Ricin Denature Mechanism

The association of DAI’s Dyna-CidalTM and the protein responsible for the toxic affect of “Ricin” is very complicated, far greater than can be explain here; the basics are as follows: The two strands of peptides composing the “Ricin” molecule are held together by a single di-sulfide bond. The protein is inadequate for toxic affect if both strands are not absorbed together. The beta-strand is the key to get the alpha-strand inside the cell. Our approach uses DAI Special to denature the protein then reducing the di-sulfide bond effectively cutting the molecule in half and capping the sulfur atoms off with hydrogen’s from the alumina surface. A typical DAI special aluminum oxide is in active state Brochmann level one which allows for a generous supply of hydrogen’s or hydroxide ions.
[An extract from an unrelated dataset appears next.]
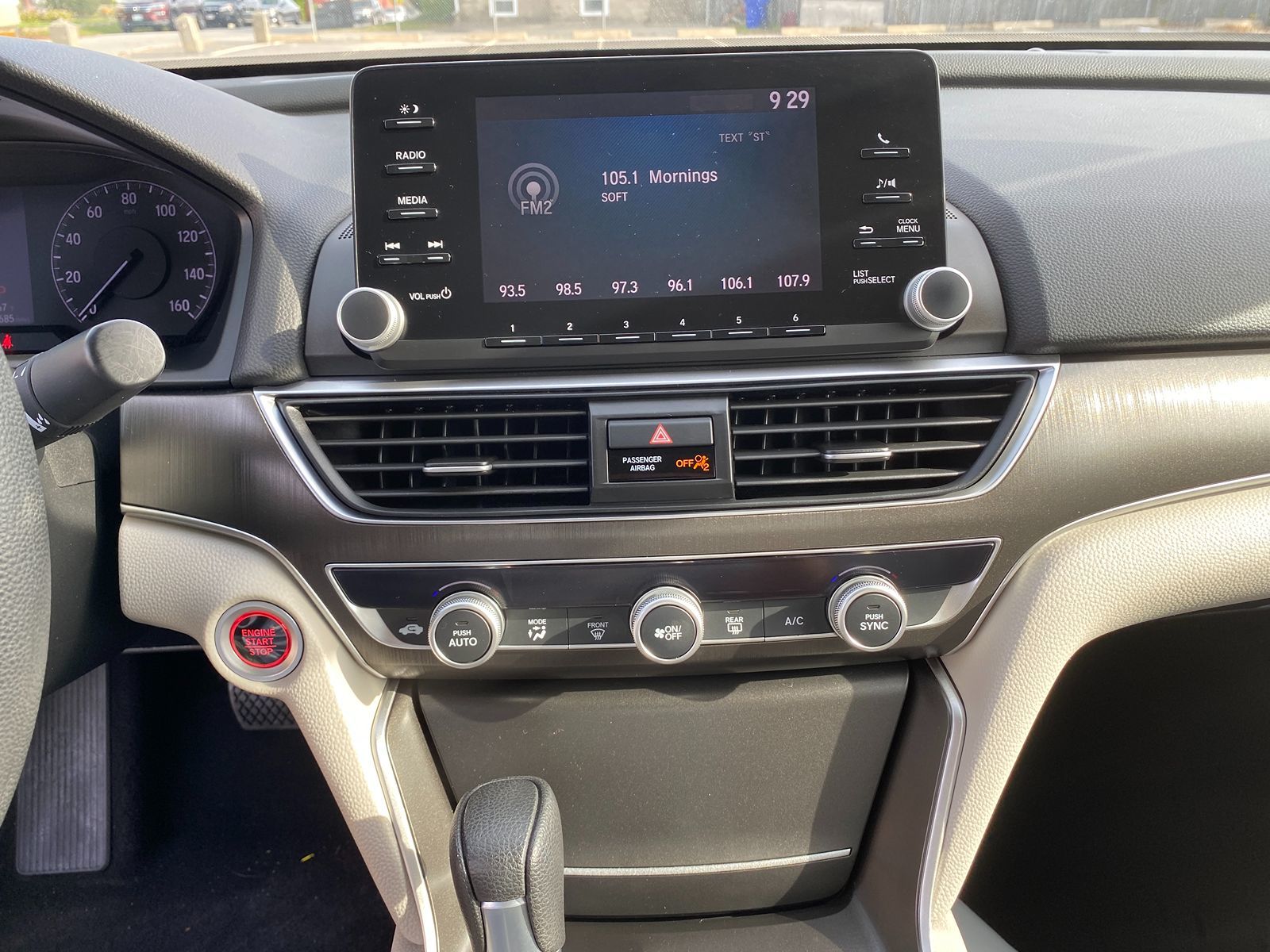 2019 Honda Accord LX 1.5T photo 16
Ricin is poisonous if inhaled, injected, or ingested; it acts as a toxin by inhibiting protein synthesis. It prevents cells from assembling various amino acids into proteins according to the messages it receives from messenger RNA in a process conducted by the cell’s ribosome (the protein-making machinery)–that is, the most basic level of cell metabolism, essential to all living cells and thus to life itself. Ricin is resistant, but not impervious, to digestion by peptidases. By ingestion, the pathology of ricin is largely restricted to the gastrointestinal tract, where it may cause mucosal injuries; with appropriate treatment, most patients will make a full recovery.